Language extensions are implemented on top of the base compiler by
extending the concrete and abstract syntax and the type system.
After type checking the language extension, the abstract syntax
tree (AST) is translated into a Java AST and the existing code is output
into a Java source file which can then be compiled with javac.  For
historical reasons, some extensions just override some portions of
the Java output code to handle the extended syntax of the particular
language extension being compiled rather than rewriting the AST.


Architecture
------------

The Polyglot compiler is structured as a set of passes over source files
that ends with the output of Java source code.  The passes parse the
original source language and create an AST, rewrite the AST to eliminate
any ambiguities, type check the AST, possibly rewrite the AST to another
AST, then output the AST as Java source code.

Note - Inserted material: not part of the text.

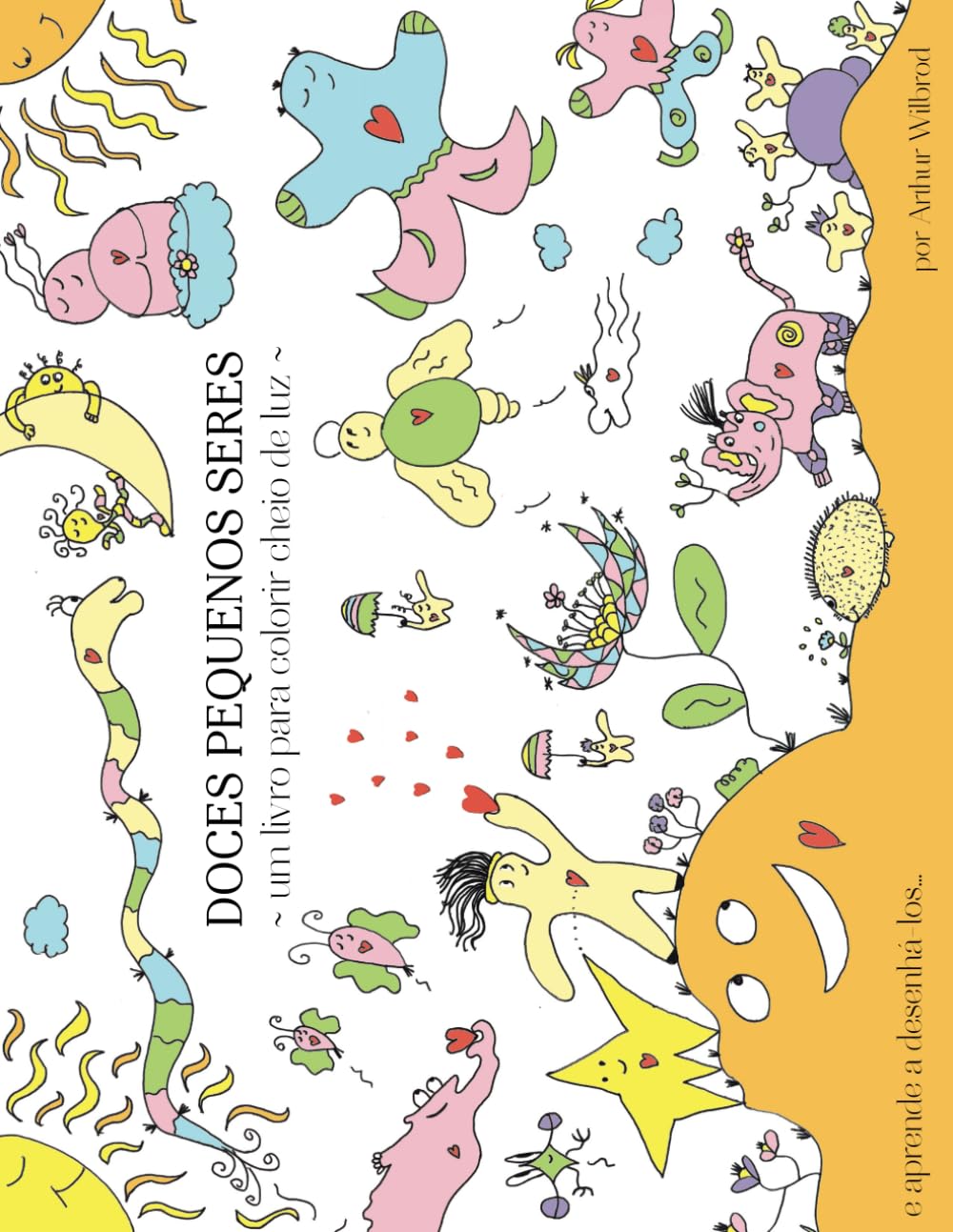 DOCES PEQUENOS SERES: um livro para colorir cheio de Luz (Portuguese Edition) baixar o livro de graça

When the compiler is invoked (through polyglot.main.Main.main()), it
parses the command line (setting options in polyglot.main.Options), then
creates a compiler object (an instance of polyglot.frontend.Compiler) to
manage the compilation process.  An important job of the command line
parser is to identify the language extension (specified on the command
line with -ext L, where L is the name of the extension), and load the
extension (from polyglot.ext.L.ExtensionInfo).  The compiler uses the
extension to determine several important features of the language,
including its source file extension, AST node factory, type system, and
pass schedule.

Parsing is done with the Java CUP parser generator and a Polyglot
extension to CUP called PPG.  PPG allows CUP files to be selectively
extended to create parsers for extension languages by providing
operations on a CUP grammar, including adding, dropping, and renaming of
productions.  The JFlex lexer generator is used to create a lexer for
the source language.  The semantic actions in the parser create an AST
through a NodeFactory, which is a class containing factory methods for
creating AST nodes.

After the AST has been created by the parser, a series of passes is
performed upon it.  The passes for a language extension, as well as
the order in which they should be run, are defined in the extension's
ExtensionInfo class.  The compiler object runs the passes in the order
specified so that that dependencies between compilation units are
satisfied.  Most passes are implemented using a modified version of the
Visitor design pattern, described later (see also TR 2002-1871).  The
default set of passes is:

    * parsing, as described above
    * build-types (TypeBuilder):  Constructs a Type object representing
      each type in the source file and stores it in a Resolver associated
      with the source file.  Resolvers are used to lookup types by name.
    * clean-super (AmbiguityRemover):  Removes any ambiguities found
      in the declaration of the supertypes of a type (e.g., the "extends"
      clause).
    * clean-sigs (AmbiguityRemover):  Removes any ambiguities found in
      the signatures of class or interface members.
    * add-members (AddMemberVisitor):  Adds the members of a class or
      interface to its type object.
    * disambiguate (AmbiguityRemover):  Removes any ambiguities found
      in the bodies of methods, constructors, or initializers.
    * type checking (TypeChecker):  Performs semantic analysis for Java.
    * exception checking (ExceptionChecker):  Performs semantic analysis
      upon exception declaration and propagation.
    * reachability checking (ReachChecker):  Checks that all statements
      in each method are reachable from the method entry.
    * exit checking (ExitChecker):  Checks that all paths through methods
      that should return a value do so.
    * initialization checking (InitChecker): Checks that local variables
      are initialized before use.
    * dump (PrettyPrinter):  Optional.  A debugging pass that outputs the AST.
    * serialization (ClassSerializer):  Optional.  Serializes information
      about a compiled class and injects it into the class for output
      during translation.  This enables separate compilation of
      extension languages.
    * translation (Translator):  Transforms each AST node to a String
      and writes it to an output file.

After many of these passes are "barrier" passes (implemented by
BarrierPass).  A barrier pass compiles all source files on which a given
source depends up to the same barrier.  This ensures that enough of
the type information of dependent sources has been computed before the
compilation continues.

The ambiguities referred to in the above passes are ambiguities
resulting from classification of names in Java.  Some names are
syntactically ambiguous because their meaning cannot be determined
without some semantic analysis (see JLS2 6.5.2).  Extensions may also
introduce new ambiguities that require resolution.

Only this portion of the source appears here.